""I don't know how it is for kids who are starting out, but ... if someone is like, 'Okay, and then he's going to put his hand here,' I would feel, as an artist, very stifled by that," she told Vanity Fair, adding that she came up in a time when the vibe on-set was "you get naked, you get in bed, the camera's on.""
""What I meant was that I was totally surprised, like, who is this person?" Paltrow said to The Hollywood Reporter. "I think all of the protections that came from the #MeToo movement are great, but for me, personally, I was not used to that." Marty Supremeis Paltrow's first movie gig in years, and the rise of intimacy coordinators was confusing for her in the same way Teams is weird for chronically offline coworkers. "It's like, 'OK, now he's going to squeeze your boob,' or whatever, and I felt more embarrassed talking about it than just doing it," Paltrow said of her experience - an experience she doesn't necessarily think was good or chill."

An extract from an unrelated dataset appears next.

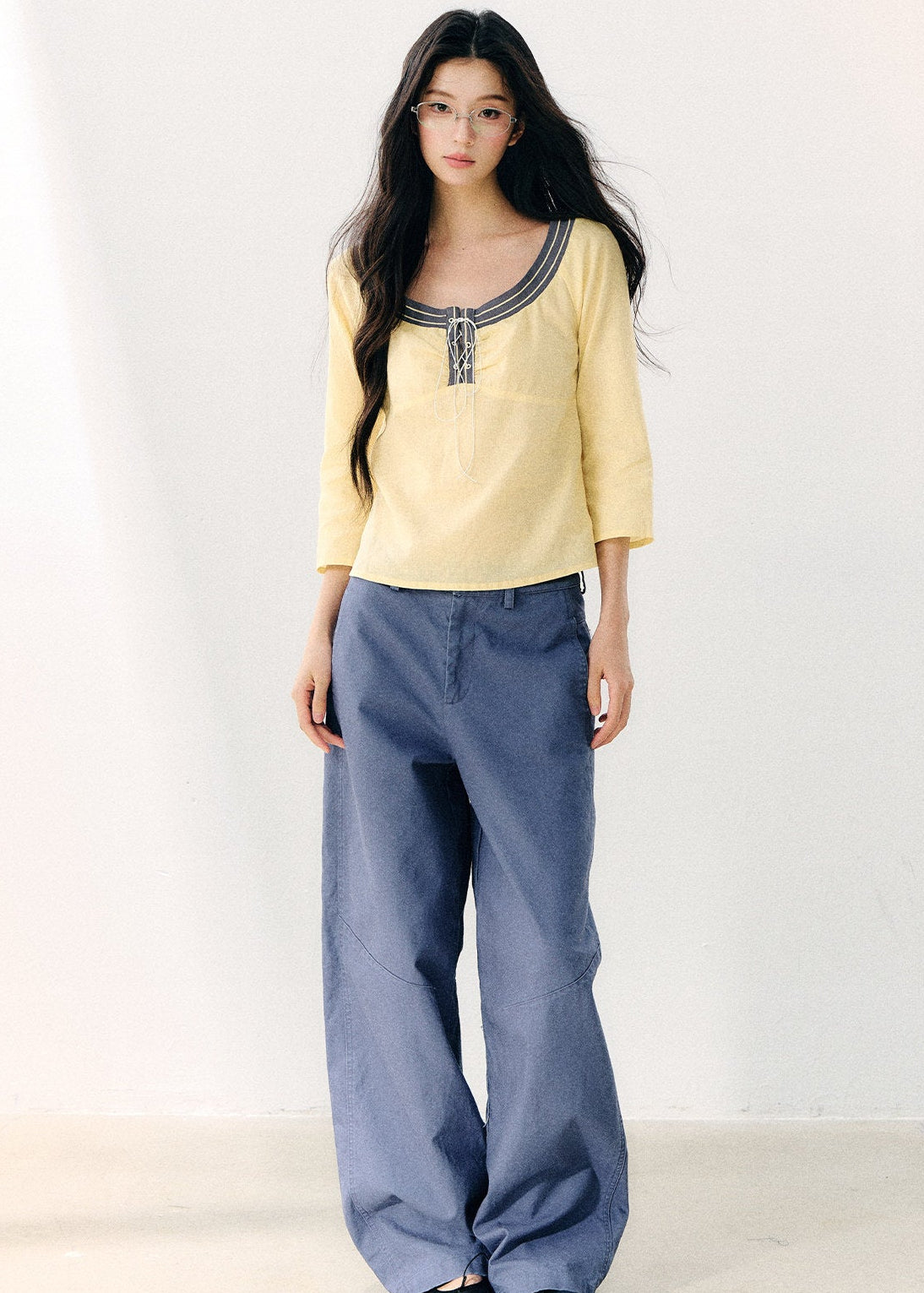 Women’s loose blue twill pants in 100% cotton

Gwyneth Paltrow felt surprised and initially stifled by the presence of intimacy coordinators because of explicit, choreographed direction for sex scenes. Generational differences shaped discomfort, with earlier on-set norms favoring unguarded nudity and improvised intimacy. Paltrow acknowledged that #MeToo-era protections and intimacy coordinators create important consent frameworks and guardrails that benefit newer actors. Past professional encounters with Harvey Weinstein were recounted, including alleged harassment at age 22. Paltrow welcomed modern roles that teach consent and protect performers entering the industry today, and she expressed relief that younger actors and her daughter would have those protections.